By the previous tree Lemma, since \(k + 1 \geq 2\), there exists a vertex \(v \in V\) that has exactly one neighbour. Let \(G' = (V', E')\) be the graph obtained by removing \(v\) and the one edge on \(v\) from \(G\). Then \(|V'| = |V| - 1 = k\) and \(|E'| = |E| - 1\).
We know that \(G'\) is also a tree. Then the induction hypothesis applies, and we can conclude that \(|E'| = |V'| - 1 = k - 1\).
This means that \(|E| = |E'| + 1 = k\), as required.
Combining everything together, we can conclude the following required number of edges for any connected graph.
Since every connected graph contains at least one tree (just keep removing edges in cycles until you cannot remove any more), this constraint on the numbers of edges in a tree translates immediately into a lower bound on the number of edges in any connected graph (in terms of the number of vertices of that graph).
Let \(G = (V, E)\) be a graph.
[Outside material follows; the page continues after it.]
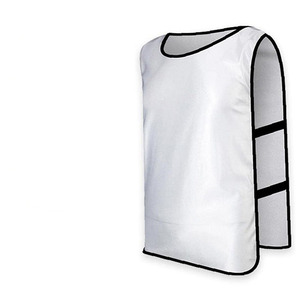 Gilet d'entraînement réversible blanc sans manches respirant 100% polyester unisexe adulte toutes saisons sport séchage rapide avec cordon de serrage - Product Image 3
If \(G\) is connected, then \(|E| \geq |V| - 1\).
So for example, suppose we have 100 cities that we’re connecting by airplane routes, and we want to be able to travel from one city to any other city (possibly by taking multiple flights). In this case, our previous theorem tells us that we’ll need at least 99 routes between cities to make this possible. We might, of course, decide to open more routes, but we cannot open fewer without disconnecting cities from each other!